La Piscina es una novela de infancia que un adulto escribe con mano calculada para evadir el riesgo de las emociones, y el San Juan de esa infancia, en los años cincuenta del siglo pasado, que son los del estreno del estatus de estado libre asociado para Puerto Rico, es una ciudad tan desolada como sus personajes, que mantiene sus colores mortecinos mientras cambia el paisaje en el recuerdo, del paisaje rural, al provinciano, al urbano incipiente, porque es en el medio siglo cuando las ciudades caribeñas se hacen, abriéndose a la modernidad dudosa.
El niño Edgard, entre incertidumbres y ansiedades, anda por ese paisaje, alzando esos telones, caminando entre esas bambalinas, dividido entre los afectos y los desafectos, el padre con su estigma de mulato despreciado por la familia de la madre, herederos de ese pequeño orgullo de casta de la provincia, los blanquitos, los blanqueados, y en medio el abismo imposible de flanquear.

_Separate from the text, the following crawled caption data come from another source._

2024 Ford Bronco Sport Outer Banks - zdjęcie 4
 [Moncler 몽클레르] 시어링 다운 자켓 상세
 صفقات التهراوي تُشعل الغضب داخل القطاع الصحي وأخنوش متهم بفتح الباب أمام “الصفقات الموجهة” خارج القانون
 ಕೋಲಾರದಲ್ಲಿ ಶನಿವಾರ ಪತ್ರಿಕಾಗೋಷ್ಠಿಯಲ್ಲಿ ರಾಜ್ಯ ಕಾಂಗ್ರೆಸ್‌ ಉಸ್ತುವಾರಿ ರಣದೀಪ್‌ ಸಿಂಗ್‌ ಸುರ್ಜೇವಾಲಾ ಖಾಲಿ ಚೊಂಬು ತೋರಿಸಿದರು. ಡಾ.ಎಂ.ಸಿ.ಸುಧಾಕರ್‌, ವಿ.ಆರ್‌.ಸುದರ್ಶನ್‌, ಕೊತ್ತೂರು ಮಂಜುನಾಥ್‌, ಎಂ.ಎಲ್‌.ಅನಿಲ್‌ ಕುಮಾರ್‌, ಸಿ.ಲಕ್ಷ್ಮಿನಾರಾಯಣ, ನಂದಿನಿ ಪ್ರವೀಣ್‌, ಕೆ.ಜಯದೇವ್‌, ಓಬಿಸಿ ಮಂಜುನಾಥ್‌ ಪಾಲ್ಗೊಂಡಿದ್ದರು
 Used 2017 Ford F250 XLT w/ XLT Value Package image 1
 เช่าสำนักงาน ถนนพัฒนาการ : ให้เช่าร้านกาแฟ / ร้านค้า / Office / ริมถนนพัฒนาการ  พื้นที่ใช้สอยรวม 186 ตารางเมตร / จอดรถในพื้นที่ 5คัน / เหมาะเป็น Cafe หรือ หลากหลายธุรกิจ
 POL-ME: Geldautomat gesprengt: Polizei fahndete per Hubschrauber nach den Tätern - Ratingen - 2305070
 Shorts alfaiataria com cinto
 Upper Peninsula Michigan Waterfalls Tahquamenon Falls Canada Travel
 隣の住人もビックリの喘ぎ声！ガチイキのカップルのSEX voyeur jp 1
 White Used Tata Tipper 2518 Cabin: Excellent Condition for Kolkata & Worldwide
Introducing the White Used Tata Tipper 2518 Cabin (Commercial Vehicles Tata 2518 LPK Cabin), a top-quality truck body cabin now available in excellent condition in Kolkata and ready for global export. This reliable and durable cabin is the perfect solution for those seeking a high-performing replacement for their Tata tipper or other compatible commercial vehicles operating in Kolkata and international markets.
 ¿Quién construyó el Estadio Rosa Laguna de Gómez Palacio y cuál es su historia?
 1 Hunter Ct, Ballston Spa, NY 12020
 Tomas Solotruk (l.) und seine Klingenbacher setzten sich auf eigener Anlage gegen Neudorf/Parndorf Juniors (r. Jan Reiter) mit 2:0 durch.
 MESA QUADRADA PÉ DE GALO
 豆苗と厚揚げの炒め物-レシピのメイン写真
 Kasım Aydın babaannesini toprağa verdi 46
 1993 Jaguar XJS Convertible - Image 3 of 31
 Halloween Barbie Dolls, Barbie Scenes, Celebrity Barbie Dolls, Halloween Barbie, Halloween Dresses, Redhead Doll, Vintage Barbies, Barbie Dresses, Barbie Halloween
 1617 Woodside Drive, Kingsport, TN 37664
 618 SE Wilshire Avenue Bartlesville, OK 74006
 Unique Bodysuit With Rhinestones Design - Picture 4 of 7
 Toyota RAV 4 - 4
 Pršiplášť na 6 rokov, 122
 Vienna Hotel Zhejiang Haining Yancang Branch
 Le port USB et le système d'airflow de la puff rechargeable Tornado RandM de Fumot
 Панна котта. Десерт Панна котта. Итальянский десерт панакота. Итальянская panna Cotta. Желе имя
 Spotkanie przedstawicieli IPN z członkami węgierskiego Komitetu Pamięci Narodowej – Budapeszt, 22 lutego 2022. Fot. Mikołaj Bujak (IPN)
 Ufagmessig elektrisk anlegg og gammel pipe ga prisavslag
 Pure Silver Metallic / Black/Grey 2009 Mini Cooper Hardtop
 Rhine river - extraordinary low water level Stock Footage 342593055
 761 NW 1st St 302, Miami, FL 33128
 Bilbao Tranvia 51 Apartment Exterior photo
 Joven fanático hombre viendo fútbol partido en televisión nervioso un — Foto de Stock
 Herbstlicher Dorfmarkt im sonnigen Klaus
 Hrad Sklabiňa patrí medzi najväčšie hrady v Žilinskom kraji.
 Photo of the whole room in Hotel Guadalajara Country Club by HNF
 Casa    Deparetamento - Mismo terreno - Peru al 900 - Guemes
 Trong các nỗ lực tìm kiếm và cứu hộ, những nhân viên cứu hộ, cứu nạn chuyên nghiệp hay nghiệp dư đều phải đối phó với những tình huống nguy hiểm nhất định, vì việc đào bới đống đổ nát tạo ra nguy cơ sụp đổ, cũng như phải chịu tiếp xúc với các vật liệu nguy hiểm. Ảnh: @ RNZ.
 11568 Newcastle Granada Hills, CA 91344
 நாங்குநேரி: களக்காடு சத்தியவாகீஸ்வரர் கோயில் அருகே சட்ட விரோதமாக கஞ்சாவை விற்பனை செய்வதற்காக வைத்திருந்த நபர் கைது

Edgard vivirá con un pie en cada borde de ese abismo.
La novela está escrita en una prosa siempre acerada, como quien labra la piedra con el buril, que, al golpear, saca chispas de mordacidad de manera implacable, para esculpir a esos personajes de insomnio, empezando por la madre, qué retrato más despiadado, y qué apiadado el del padre, aunque el hijo que un día será arquitecto, y querrá medir al mundo entre el espacio y la luz, para fracasar también, parezca no perdonarlo en su mediocridad.
Memoria e invención van tan juntas en la novela, que no pueden verse las costuras de la escritura, y cuánto me seduce esa crónica de la noche del campeonato de la serie de beisbol del Caribe en ese viejo estadio de San Juan, que de tan coqueto parece siniestro, porque en eso soy parcial. Yo mismo soy el niño que entra a las graderías de la mano de su padre, deslumbrado por los fanales de las torres en la noche tropical.
Las puertas van cerrándose una tras otras a medida que volteamos las páginas de la novela. No hay salvación para nadie. De pronto, Edgard, el arquitecto, que no es más que un amanuense del relato, se nos vuelve un personaje estrafalario, y trágico como lo es el personaje de su padre. Quiere construir una piscina en su modesta casa de campo preparando el retiro de su edad madura, una piscina entre las verdura de los montes, a ras del horizonte. Su amante lo observa haciendo sus medidas y cálculos. Pero, en verdad, lo que prepara es su tumba. La amante, que pasará a ser la voz cantante de este treno fúnebre final. Lo que Edgard quiere es una piscina profunda, una fosa.
Y el lector queda agradecido por la sorpresa. Que el arquitecto que sucumbe ante la pesadumbre y la soledad en que ha vivido envuelto desde niño, no flote muerto en la piscina desde la primera página, como William Holden en la primera escena de Sunset Boulevard.